Le 10 septembre, deux fils de Lonardi prirent la route pour collecter des informations ― Luis Ernesto dans la province de Córdoba et Eduardo dans celle de Mendoza[59]. À minuit, Luis Ernesto Lonardi se présenta devant son père et l’informa que l’École d’artillerie de Córdoba cesserait ses activités le 16 et que ses armes allaient ensuite être entreposées dans des lieux surveillés. Le général Lonardi se décida alors à agir immédiatement, avec les effectifs rebelles disponibles à Córdoba, croyant en effet que si un foyer subversif réussissait à survivre plus de 48 heures, cela amènerait infailliblement la victoire du mouvement révolutionnaire dans tout le pays[60] : « Si la révolution prend pied et tient le coup plus de 48 heures dans la province de Córdoba, toute la défense de Perón s’effondre, parce qu’il n’y a pas de conviction éthique et morale pour le soutenir »[60].

Juan Francisco Guevara.

Le dimanche 11 septembre 1955, Lonardi chercha à se mettre en rapport avec le major Juan Francisco Guevara, car celui-ci était informé de tous les préparatifs auxquels se livraient déjà Aramburu et Señorans. Lonardi ne pouvait pas quitter son domicile, pour ne pas soulever davantage de soupçons chez les services de renseignements de l’armée, de sorte qu’il envoya comme son représentant son fils Luis et un ami de celui-ci, Ezequiel Pereyra Zorraquín[61].

Dans l’après-midi, Pereyra se fit donner la nouvelle adresse de Guevara, qui avait dû changer de domicile pour se mettre à l’abri. Le soir du même jour, Lonardi se réunit avec Guevara et avec le lieutenant-colonel Sánchez Lahoz, et exposa son plan : un soulèvement simultané dans toutes les garnisons de l’armée où la révolution était en gestation, conjointement avec les bases navales de Puerto Belgrano et de Río Santiago, et de toutes les unités de la force aérienne qui viendraient à se rallier spontanément. Ensuite, les forces de l’intérieur et du Litoral convergeraient sur Rosario, et faute de ponts et de tunnels, les forces du Litoral franchiraient les fleuves avec l’aide de l’escadre fluviale de la marine. Aussitôt après, une armée « Libératrice » ferait mouvement vers Buenos Aires, en même temps que la flotte de mer avancerait sur la ville[62]. Sánchez Lahoz soulèverait la garnison de la ville de Corrientes, Arias Duval se chargerait de la zone mesopotamienne, et le général Uranga s’efforcerait d’inciter à la rébellion le Grand Buenos Aires[62].

Jonction avec la marine rebelle[modifier | modifier le code]
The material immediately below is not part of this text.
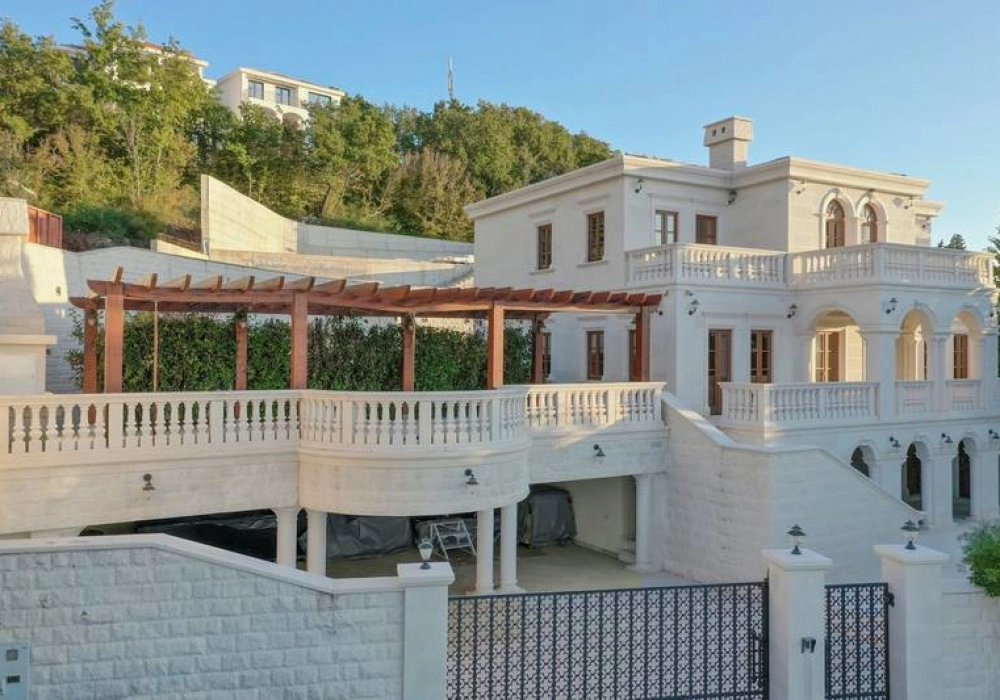 Kuca-sa-bazenom-u-Rezevicima-Budva-3 Kuća 470 m² – Reževići, Budva — fotografija 4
Le 12, à la première heure du matin, Guevara vint annoncer à Señorans que Lonardi avait assumé le commandement de la révolution[63]. Le même jour, Lonardi rencontra le capitaine de frégate Jorge J. Palma, qui, à titre de représentant de la marine révolutionnaire, s’engagea à se soulever le 16 septembre à 0 heure[64].
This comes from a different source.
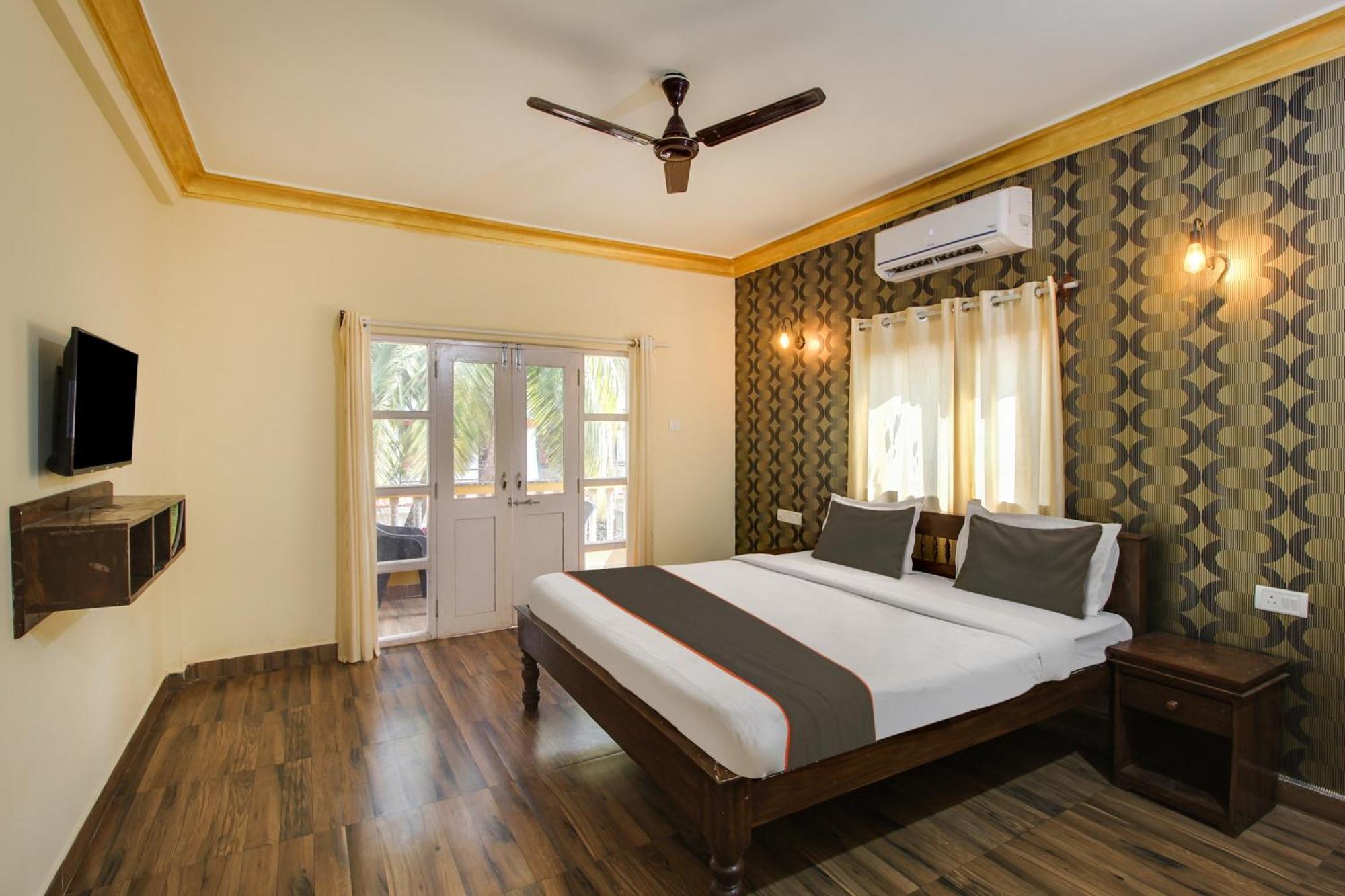 Collection O Romeos Place Baga Beach Hotel Calangute Exterior foto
Il fut également décidé que quelques officiers de la marine seraient présents au sein des unités terrestres appelées à se rebeller, en signe de fraternité entre les armes et pour servir de liant entre elles ; les capitaines de frégate Carlos García Favre et Aldo Molinari furent ainsi désignés pour se trouver respectivement à Córdoba et à Curuzú Cuatiá. Si l’opération visant à libérer Bengoa réussissait, Sánchez Sañudo et le même Jorge Palma l’accompagneraient ensuite dans son voyage pour Paraná, et tous trois prendraient le contrôle des troupes de cette ville[65].
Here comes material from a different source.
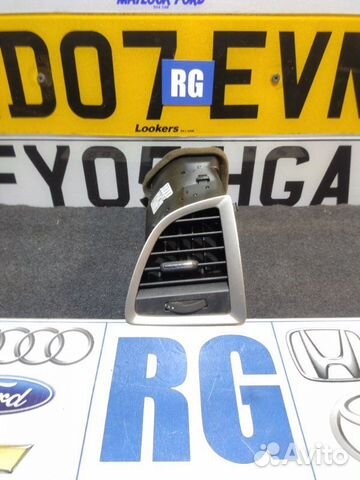 Дефлектор левый Opel Astra J хэтчбек A12XER 2012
Dans la même soirée, Lonardi eut aussi un entretien avec le général Uranga et lui confia la mission de soulever le Collège militaire et le 1er régiment d’infanterie Patricios. Parallèlement, Guevara se réunit à Bella Vista, au domicile du capitaine Jorge Rafael Videla, avec les capitaines Genta, Formigoni, Padrós et avec le major Dámaso Pérez ; ceux-ci devaient pousser le Collège militaire à se rebeller, mais changèrent bientôt d’attitude devant la perspective de faire combattre les cadets contre la division montée qui à coup sûr demeurerait loyale au gouvernement[66].

Situation à Córdoba[modifier | modifier le code]

Localisation de la province de Córdoba.

Ce même 12 septembre, Franklin Lucero effectua donc le voyage programmé pour la province de Córdoba, en alléguant vouloir assister à quelques démonstrations de feu d’artillerie, auxquelles avaient aussi été invités les attachés militaires des ambassades étrangères[67]. Là, il se persuada de la loyauté des troupes, expédia un radiotélégramme au président Perón affirmant que la situation était maîtrisée, et fit imprimer une brochure abondamment illustrée et intitulée Une unité modèle : l’École d’artillerie[68].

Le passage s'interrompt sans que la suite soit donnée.